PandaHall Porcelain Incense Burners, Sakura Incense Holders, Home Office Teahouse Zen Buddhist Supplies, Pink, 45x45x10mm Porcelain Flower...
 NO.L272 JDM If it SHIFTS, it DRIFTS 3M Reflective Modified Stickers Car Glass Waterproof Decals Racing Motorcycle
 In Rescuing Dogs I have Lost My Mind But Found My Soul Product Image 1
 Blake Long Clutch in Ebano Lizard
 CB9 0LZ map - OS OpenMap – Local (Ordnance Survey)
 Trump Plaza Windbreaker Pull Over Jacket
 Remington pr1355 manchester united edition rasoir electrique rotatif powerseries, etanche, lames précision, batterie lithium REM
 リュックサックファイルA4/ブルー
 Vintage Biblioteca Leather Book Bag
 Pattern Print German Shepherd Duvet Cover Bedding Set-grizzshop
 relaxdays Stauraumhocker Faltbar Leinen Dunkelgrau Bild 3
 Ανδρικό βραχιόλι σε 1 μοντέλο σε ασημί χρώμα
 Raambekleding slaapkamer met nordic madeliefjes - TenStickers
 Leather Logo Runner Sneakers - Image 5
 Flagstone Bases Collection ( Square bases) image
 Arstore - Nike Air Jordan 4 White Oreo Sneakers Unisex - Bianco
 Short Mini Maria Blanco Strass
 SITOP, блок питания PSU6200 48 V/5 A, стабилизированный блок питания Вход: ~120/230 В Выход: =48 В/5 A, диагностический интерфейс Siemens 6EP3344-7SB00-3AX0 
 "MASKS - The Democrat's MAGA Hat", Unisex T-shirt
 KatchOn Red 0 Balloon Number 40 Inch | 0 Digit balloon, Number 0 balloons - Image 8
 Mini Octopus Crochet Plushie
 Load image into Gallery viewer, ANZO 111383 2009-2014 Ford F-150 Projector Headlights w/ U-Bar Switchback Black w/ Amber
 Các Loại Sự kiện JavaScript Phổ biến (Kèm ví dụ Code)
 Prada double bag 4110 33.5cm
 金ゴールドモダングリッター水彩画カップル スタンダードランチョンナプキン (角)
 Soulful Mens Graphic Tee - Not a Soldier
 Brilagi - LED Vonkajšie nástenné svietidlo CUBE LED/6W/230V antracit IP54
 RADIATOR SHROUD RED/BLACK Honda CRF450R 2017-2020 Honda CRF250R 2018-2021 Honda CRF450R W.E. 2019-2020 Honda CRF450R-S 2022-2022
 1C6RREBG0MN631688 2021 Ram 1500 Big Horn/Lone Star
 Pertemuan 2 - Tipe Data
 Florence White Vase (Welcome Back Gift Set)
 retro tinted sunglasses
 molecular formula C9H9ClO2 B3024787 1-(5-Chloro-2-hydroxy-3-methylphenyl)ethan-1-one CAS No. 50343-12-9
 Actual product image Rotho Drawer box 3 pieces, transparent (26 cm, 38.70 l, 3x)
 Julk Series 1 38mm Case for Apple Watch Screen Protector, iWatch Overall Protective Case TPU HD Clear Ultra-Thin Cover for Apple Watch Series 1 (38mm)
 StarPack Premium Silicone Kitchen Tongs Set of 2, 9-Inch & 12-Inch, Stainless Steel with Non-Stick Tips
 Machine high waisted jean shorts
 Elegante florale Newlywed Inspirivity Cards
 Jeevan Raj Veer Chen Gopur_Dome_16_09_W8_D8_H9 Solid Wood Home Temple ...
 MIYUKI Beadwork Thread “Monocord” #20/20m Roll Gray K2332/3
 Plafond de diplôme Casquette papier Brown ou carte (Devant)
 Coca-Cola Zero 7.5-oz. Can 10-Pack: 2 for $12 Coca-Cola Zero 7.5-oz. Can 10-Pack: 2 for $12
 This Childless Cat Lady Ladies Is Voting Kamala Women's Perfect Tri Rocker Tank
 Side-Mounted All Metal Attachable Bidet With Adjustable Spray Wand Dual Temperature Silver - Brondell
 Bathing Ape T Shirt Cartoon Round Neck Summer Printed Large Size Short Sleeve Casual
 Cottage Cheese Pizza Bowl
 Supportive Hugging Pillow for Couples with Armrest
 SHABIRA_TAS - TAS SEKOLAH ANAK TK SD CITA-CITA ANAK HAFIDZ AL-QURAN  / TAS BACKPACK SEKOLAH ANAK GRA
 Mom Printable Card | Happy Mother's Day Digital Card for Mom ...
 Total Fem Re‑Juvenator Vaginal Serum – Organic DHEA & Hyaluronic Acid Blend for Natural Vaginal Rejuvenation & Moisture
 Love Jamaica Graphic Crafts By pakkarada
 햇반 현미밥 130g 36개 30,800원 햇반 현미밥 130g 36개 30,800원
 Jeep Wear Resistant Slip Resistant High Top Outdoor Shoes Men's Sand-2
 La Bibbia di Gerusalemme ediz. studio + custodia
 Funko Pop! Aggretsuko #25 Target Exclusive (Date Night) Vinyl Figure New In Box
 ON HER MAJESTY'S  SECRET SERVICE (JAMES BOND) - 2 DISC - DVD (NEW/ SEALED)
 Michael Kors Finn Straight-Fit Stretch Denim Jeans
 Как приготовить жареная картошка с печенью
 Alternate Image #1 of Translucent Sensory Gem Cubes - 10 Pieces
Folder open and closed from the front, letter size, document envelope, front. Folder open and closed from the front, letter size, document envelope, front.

• [WHAT IS EXPECTED] Write out exactly the lines of the entries above that run from the line containing "Elegante florale Newlywed Inspirivity Cards" through the last line, including both.

• [EXPECTED ANSWER]
 Elegante florale Newlywed Inspirivity Cards
 Jeevan Raj Veer Chen Gopur_Dome_16_09_W8_D8_H9 Solid Wood Home Temple ...
 MIYUKI Beadwork Thread “Monocord” #20/20m Roll Gray K2332/3
 Plafond de diplôme Casquette papier Brown ou carte (Devant)
 Coca-Cola Zero 7.5-oz. Can 10-Pack: 2 for $12 Coca-Cola Zero 7.5-oz. Can 10-Pack: 2 for $12
 This Childless Cat Lady Ladies Is Voting Kamala Women's Perfect Tri Rocker Tank
 Side-Mounted All Metal Attachable Bidet With Adjustable Spray Wand Dual Temperature Silver - Brondell
 Bathing Ape T Shirt Cartoon Round Neck Summer Printed Large Size Short Sleeve Casual
 Cottage Cheese Pizza Bowl
 Supportive Hugging Pillow for Couples with Armrest
 SHABIRA_TAS - TAS SEKOLAH ANAK TK SD CITA-CITA ANAK HAFIDZ AL-QURAN  / TAS BACKPACK SEKOLAH ANAK GRA
 Mom Printable Card | Happy Mother's Day Digital Card for Mom ...
 Total Fem Re‑Juvenator Vaginal Serum – Organic DHEA & Hyaluronic Acid Blend for Natural Vaginal Rejuvenation & Moisture
 Love Jamaica Graphic Crafts By pakkarada
 햇반 현미밥 130g 36개 30,800원 햇반 현미밥 130g 36개 30,800원
 Jeep Wear Resistant Slip Resistant High Top Outdoor Shoes Men's Sand-2
 La Bibbia di Gerusalemme ediz. studio + custodia
 Funko Pop! Aggretsuko #25 Target Exclusive (Date Night) Vinyl Figure New In Box
 ON HER MAJESTY'S  SECRET SERVICE (JAMES BOND) - 2 DISC - DVD (NEW/ SEALED)
 Michael Kors Finn Straight-Fit Stretch Denim Jeans
 Как приготовить жареная картошка с печенью
 Alternate Image #1 of Translucent Sensory Gem Cubes - 10 Pieces
Folder open and closed from the front, letter size, document envelope, front. Folder open and closed from the front, letter size, document envelope, front.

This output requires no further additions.